O que eu quero dizer com isso? Eu não quero ser um arauto da desgraça nem fazer com que jovens talentos desistam do cinema. Mas quem avisa, amigo é; a verdade por trás do cinema é muito mais sofrida do que os canais e sites de fofoca mostram. Se você quer ser um cineasta de destaque, terá que ralar muito mais do que profissionais de outras áreas. Fazer um filme é uma experiência demorada, dolorosa, inevitavelmente estressante e sem garantias de sucesso de público – principalmente em um mercado não-Hollywoodiano. A grande felicidade de se fazer um filme só brota naqueles com dedicação absoluta à própria obra; aquele tipo de dedicação que compensa todas as adversidades. O cinema é tudo, menos um mundo florido; é um caminho incerto e, de todos os caminhos, talvez o menos seguro, recomendado apenas aos muito dispostos a segui-lo. Jovens cineastas, tenhamos todos isso em mente. Assim dito, sigamos em frente.

9 comentários:

  1. Também tenha muito cuidado ao dizer que a maneira capitalista de enxergar a arte é a única eficiente na sua divulgação.
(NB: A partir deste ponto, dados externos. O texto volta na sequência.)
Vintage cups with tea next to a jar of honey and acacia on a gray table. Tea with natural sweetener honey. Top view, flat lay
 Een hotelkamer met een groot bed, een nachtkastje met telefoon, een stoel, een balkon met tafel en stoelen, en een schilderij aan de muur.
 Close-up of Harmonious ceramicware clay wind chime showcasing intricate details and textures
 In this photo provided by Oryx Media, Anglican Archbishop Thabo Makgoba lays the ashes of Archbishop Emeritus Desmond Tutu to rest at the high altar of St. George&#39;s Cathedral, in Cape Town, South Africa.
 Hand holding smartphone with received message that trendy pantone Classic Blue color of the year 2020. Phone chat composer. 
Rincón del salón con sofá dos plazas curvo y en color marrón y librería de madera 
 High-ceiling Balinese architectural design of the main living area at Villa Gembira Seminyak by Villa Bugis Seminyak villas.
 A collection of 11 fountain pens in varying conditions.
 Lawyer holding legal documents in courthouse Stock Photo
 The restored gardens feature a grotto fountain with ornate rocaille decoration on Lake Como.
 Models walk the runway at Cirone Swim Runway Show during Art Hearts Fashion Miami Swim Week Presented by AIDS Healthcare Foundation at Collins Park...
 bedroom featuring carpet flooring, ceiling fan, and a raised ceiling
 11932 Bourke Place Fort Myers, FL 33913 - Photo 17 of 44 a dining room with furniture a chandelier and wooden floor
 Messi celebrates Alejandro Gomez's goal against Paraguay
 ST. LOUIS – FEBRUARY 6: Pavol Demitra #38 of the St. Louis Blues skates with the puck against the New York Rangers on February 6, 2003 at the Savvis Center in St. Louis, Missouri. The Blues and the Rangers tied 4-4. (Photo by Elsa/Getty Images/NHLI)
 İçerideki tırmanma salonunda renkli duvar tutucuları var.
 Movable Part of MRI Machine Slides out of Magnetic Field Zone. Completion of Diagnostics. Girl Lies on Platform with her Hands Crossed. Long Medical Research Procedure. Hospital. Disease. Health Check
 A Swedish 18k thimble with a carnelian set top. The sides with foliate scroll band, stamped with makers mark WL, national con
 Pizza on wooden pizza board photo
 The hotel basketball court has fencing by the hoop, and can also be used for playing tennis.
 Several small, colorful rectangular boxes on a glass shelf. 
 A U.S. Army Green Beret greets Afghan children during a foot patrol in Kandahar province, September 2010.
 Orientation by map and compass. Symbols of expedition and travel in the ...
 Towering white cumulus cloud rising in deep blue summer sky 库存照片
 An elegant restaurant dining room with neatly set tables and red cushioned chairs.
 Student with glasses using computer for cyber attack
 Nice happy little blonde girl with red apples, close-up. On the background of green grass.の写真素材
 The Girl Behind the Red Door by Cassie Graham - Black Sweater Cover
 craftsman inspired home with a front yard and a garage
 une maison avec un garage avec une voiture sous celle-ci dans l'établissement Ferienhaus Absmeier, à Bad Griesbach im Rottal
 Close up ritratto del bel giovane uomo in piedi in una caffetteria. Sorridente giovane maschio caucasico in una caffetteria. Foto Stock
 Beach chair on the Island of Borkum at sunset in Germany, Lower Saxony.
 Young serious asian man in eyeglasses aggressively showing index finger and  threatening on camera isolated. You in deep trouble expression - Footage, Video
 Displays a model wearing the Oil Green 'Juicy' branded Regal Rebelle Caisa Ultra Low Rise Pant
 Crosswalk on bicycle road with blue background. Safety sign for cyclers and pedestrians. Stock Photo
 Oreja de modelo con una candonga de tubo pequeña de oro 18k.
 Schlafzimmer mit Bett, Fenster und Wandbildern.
A União Soviética produziu um cinema de primeiríssima qualidade, gerando gênios como Eisenstein e Tarkovsky, fora de um esquema capitalista de produção e distribuição.

    Além disso, a música foi certamente tão ou mais influente que o cinema no Século XX, talvez até ditando mais comportamentos por meio de ícones como os Beatles ou Elvis do que o cinema, o qual, em uma análise mais apurada, mais refletiu as mudanças do que foi responsável por elas.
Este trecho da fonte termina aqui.